L’inchiesta sulle morti sospette durante i trasporti sanitari prosegue senza sosta a Forlì, mentre sul fronte parallelo cresce la tensione attorno alla sfera privata di chi, pur non essendo coinvolto nelle indagini, è finito al centro di un’ondata di odio online. Le indagini sul caso di Luca Spada a Forlì Al centro dell’inchiesta c’è Luca Spada, 27enne autista soccorritore della Croce Rossa di Forlimpopoli-Bertinoro, attualmente in carcere con l’accusa di omicidio pluriaggravato. Il caso su cui si concentrano le contestazioni è quello della morte di Deanna Mambelli, avvenuta il 25 novembre durante un trasporto in ambulanza. Lui si è sempre detto innocente, parlando di "sfortuna" e "coincidenze". I suoi legali stanno preparando il ricorso al Riesame e hanno incaricato consulenti di analizzare gli esiti dell’autopsia.

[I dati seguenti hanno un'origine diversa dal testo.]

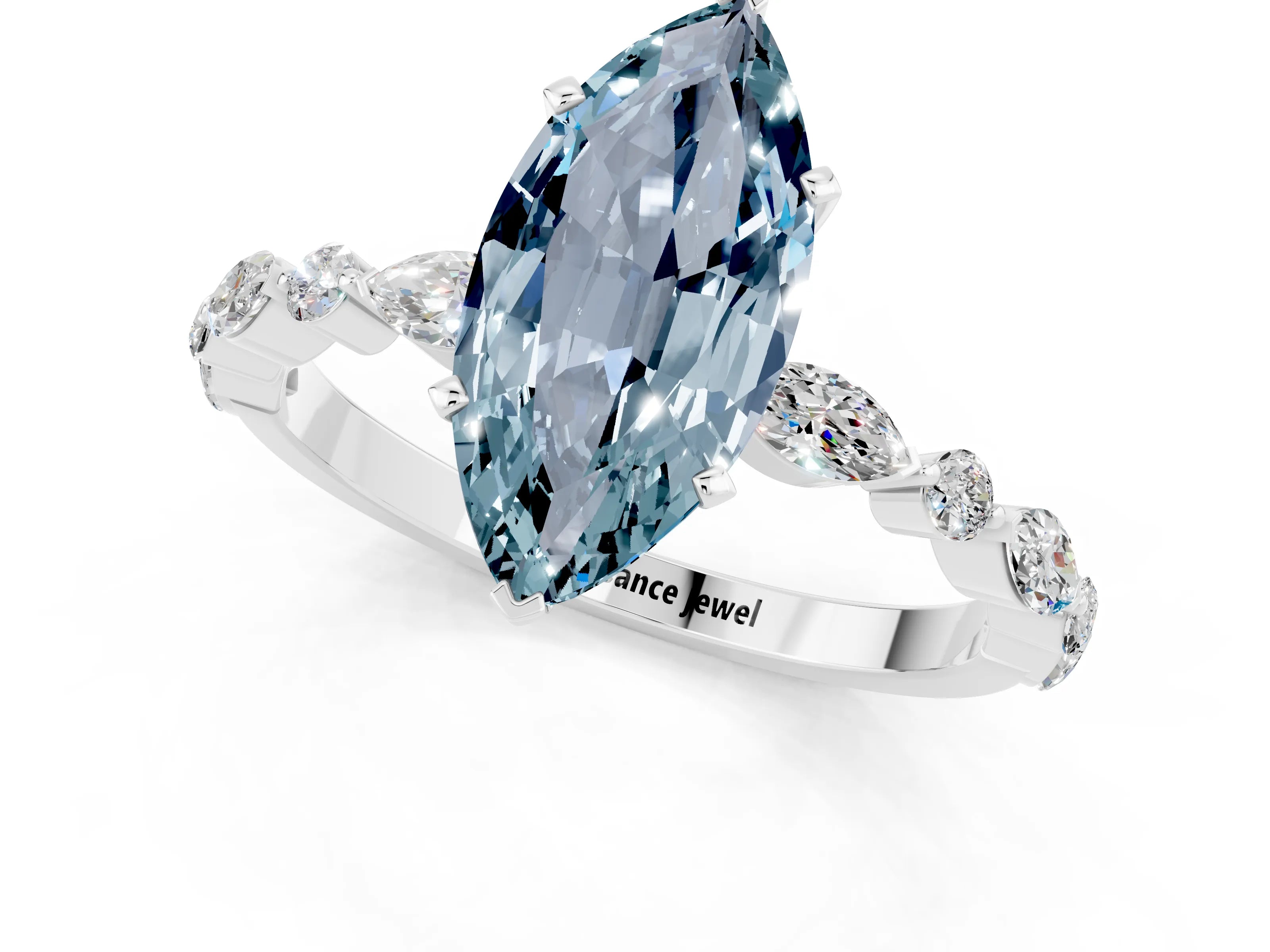 White gold Marquise Cut Aquamarine Solitaire with Side Stones on a Pavé Band and Four-Prong Setting_1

Negli ultimi giorni i carabinieri hanno intensificato le attività investigative con una nuova serie di audizioni. Tra i primi a essere ascoltati ci sono stati i titolari di un’agenzia funebre di Meldola, con cui Spada collaborava saltuariamente. L’obiettivo è verificare eventuali connessioni tra l’attività nei soccorsi e quella nel settore funerario, anche se, allo stato attuale, non sarebbero emersi riscontri concreti.